• _Task objective_
Copy out exactly the lines from the one containing "۶٢٠ هزارتن کود اوره بین کشاورزان توزیع شد" through the end of the records, and no pictures.

• _Dataset entries_
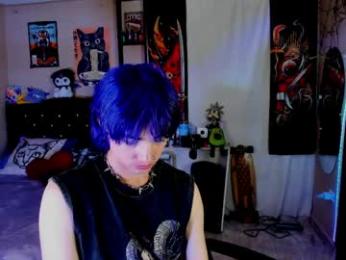 xzerox_ chaturbate stream image, 02.04.2026 20:20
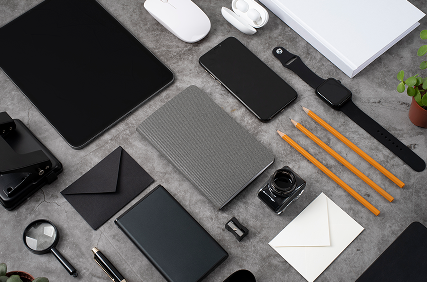Marketing Materials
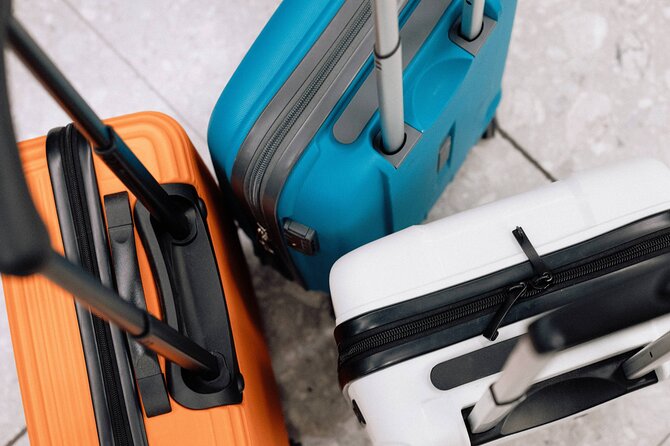 Luggage Storage in Dubrovnik - Hours, bag rules, and the one detail people miss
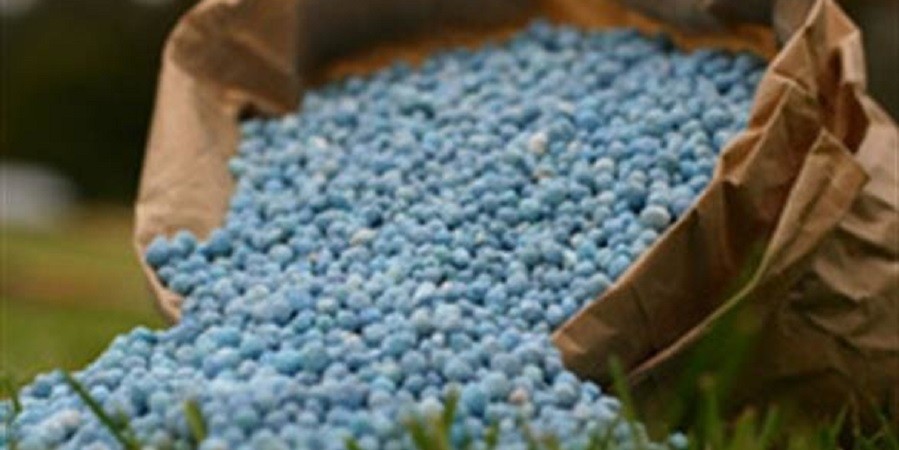 ۶٢٠ هزارتن کود اوره بین کشاورزان توزیع شد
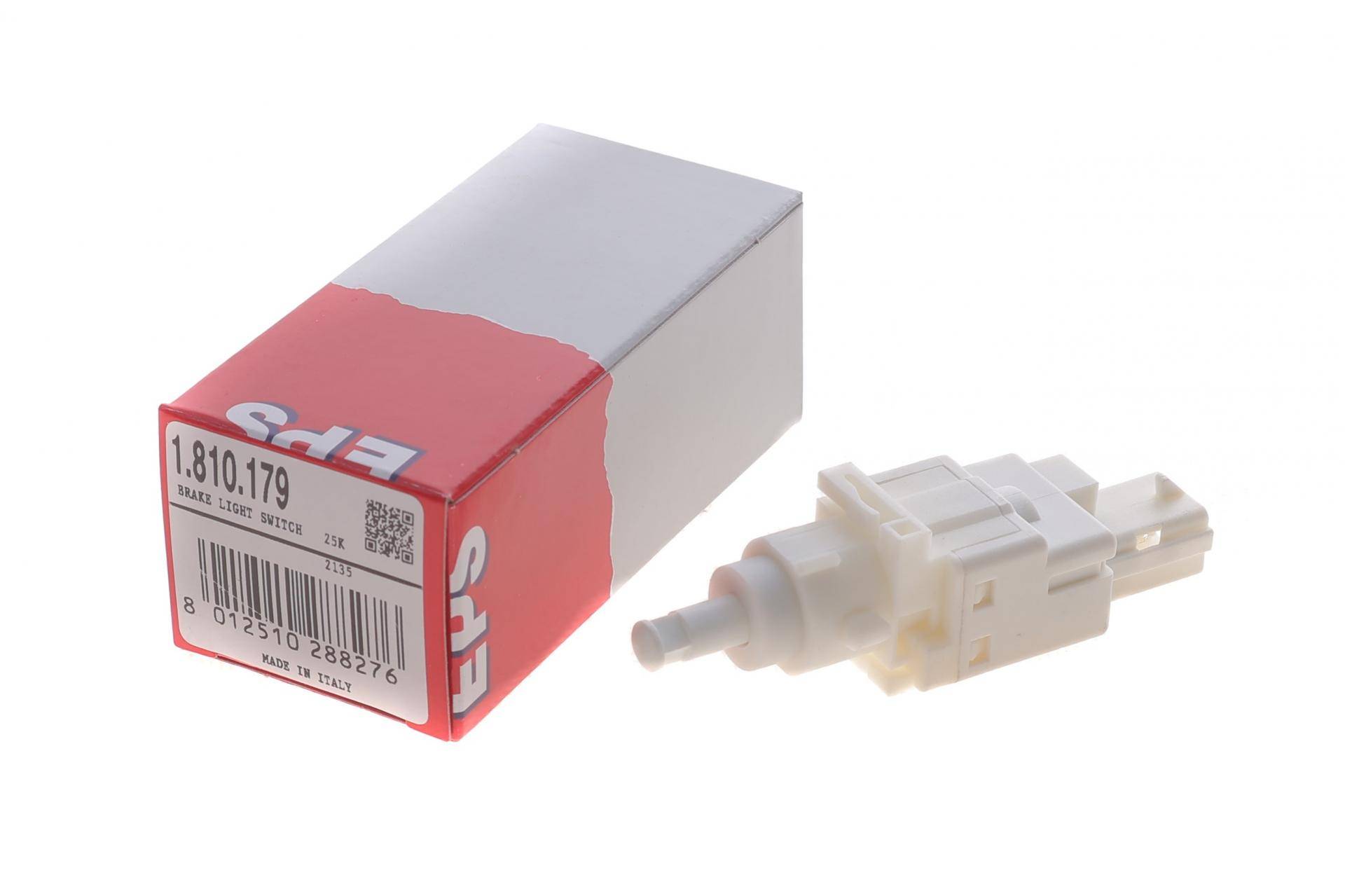 Датчик педалі гальма Fiat Ducato/Citroen Jumper 2.0-2.8HDi 02- (2 конт.)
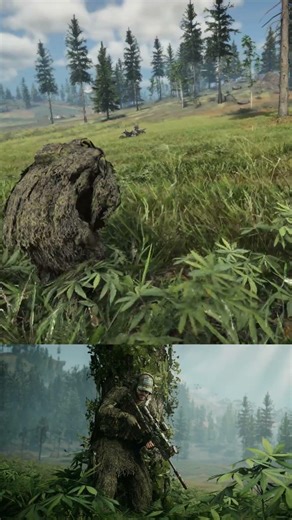 GRB Gameplay Part 44 #ghostreconbreakpoint #shorts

• _Output of the task_
 ۶٢٠ هزارتن کود اوره بین کشاورزان توزیع شد
 Датчик педалі гальма Fiat Ducato/Citroen Jumper 2.0-2.8HDi 02- (2 конт.)
 GRB Gameplay Part 44 #ghostreconbreakpoint #shorts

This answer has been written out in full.